Gamelan dan Seni Tari: Seni musik dan tari berkembang pesat di Mataram. Gamelan, alat musik tradisional Jawa, diperluas dan disempurnakan menjadi ansambel musik yang digunakan dalam upacara kerajaan dan hiburan. Tari-tarian seperti bedhaya dan serimpi juga berkembang, dan keduanya diatur menjadi bagian dari tradisi keraton yang sakral dan penuh makna.
5. Penyebaran dan Penguatan Agama Islam
Kerajaan Mataram Islam memiliki peran besar dalam penyebaran dan penguatan agama Islam di Pulau Jawa, terutama di daerah pedalaman. Sultan Agung berupaya menyelaraskan kebudayaan Jawa dengan ajaran Islam, sehingga nilai-nilai Islam semakin diterima oleh masyarakat Jawa yang sebelumnya menganut kepercayaan Hindu-Buddha.
Sultan Agung dikenal sebagai pemimpin yang memiliki pandangan keagamaan yang kuat, dan ia menerapkan syariat Islam sebagai bagian dari kehidupan kerajaan dan masyarakat. Salah satu bukti komitmen Sultan Agung terhadap Islam adalah keputusannya untuk mengganti penanggalan Hindu dengan kalender Jawa-Islam yang menggabungkan sistem penanggalan Hijriah (Islam) dan penanggalan Saka (Hindu). Hal ini merupakan upaya Sultan Agung untuk menanamkan identitas keislaman di kalangan masyarakat Jawa, sekaligus menghormati tradisi lama yang sudah ada.
Selain itu, Sultan Agung juga mendukung dakwah dan pendidikan agama Islam melalui pondok pesantren dan para ulama yang menyebarkan ajaran Islam di berbagai pelosok Jawa. Dengan cara ini, Islam berkembang pesat dan menjadi bagian tak terpisahkan dari budaya dan kehidupan masyarakat Jawa pada masa itu.
6. Sistem Pemerintahan yang Terstruktur
Sultan Agung mengembangkan sistem pemerintahan yang terstruktur dan terpusat, dengan kekuasaan yang berada di tangan raja dan pejabat-pejabat tinggi yang dipercaya. Sultan Agung juga mengatur sistem pembagian wilayah dan administrasi kerajaan, di mana wilayah-wilayah kerajaan dikelola oleh bupati atau pejabat daerah yang setia kepada raja.

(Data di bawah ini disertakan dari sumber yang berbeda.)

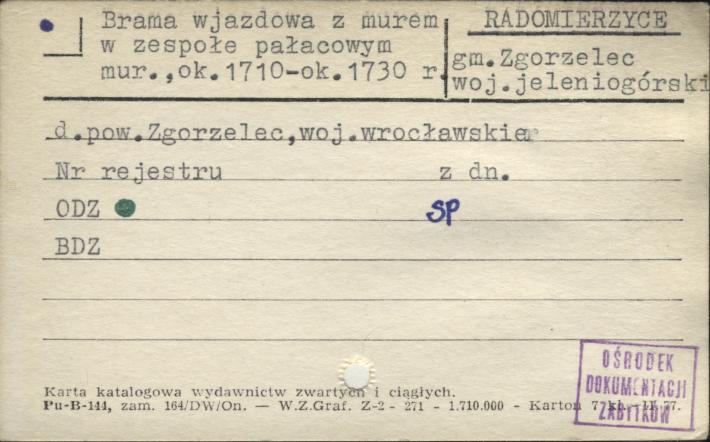 brama z murem w zespole pałacowym, skan 1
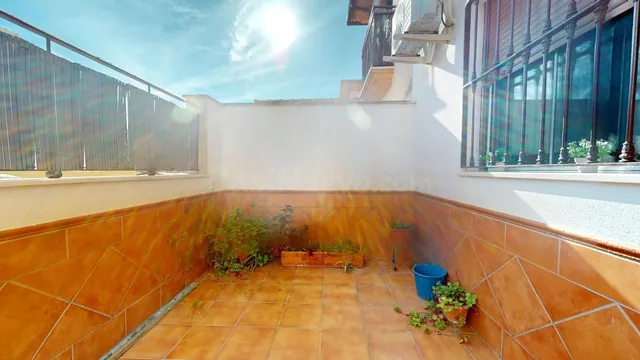 VIVIENDA UNIFAMILIAR DE 252 M2 TOTALMENTE LEGAL MUY CERCA DE - foto 5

Mataram Islam menerapkan sistem birokrasi yang cukup rapi dan tertib. Selain itu, Sultan Agung juga menempatkan pejabat-pejabat yang berkompeten dan setia untuk mengelola wilayah-wilayah yang telah ditaklukkan, memastikan bahwa wilayah-wilayah tersebut tetap setia kepada Mataram dan mampu memberikan kontribusi pajak serta tenaga kerja bagi kerajaan.
Untuk memperkuat kontrol atas wilayahnya, Sultan Agung juga mengembangkan jaringan spionase dan intelijen yang memastikan bahwa raja selalu mendapatkan informasi terbaru mengenai situasi di setiap wilayah. Dengan cara ini, Sultan Agung mampu menjaga stabilitas politik dan keamanan di wilayah kerajaan yang luas, sehingga memungkinkan Mataram Islam untuk terus berkembang.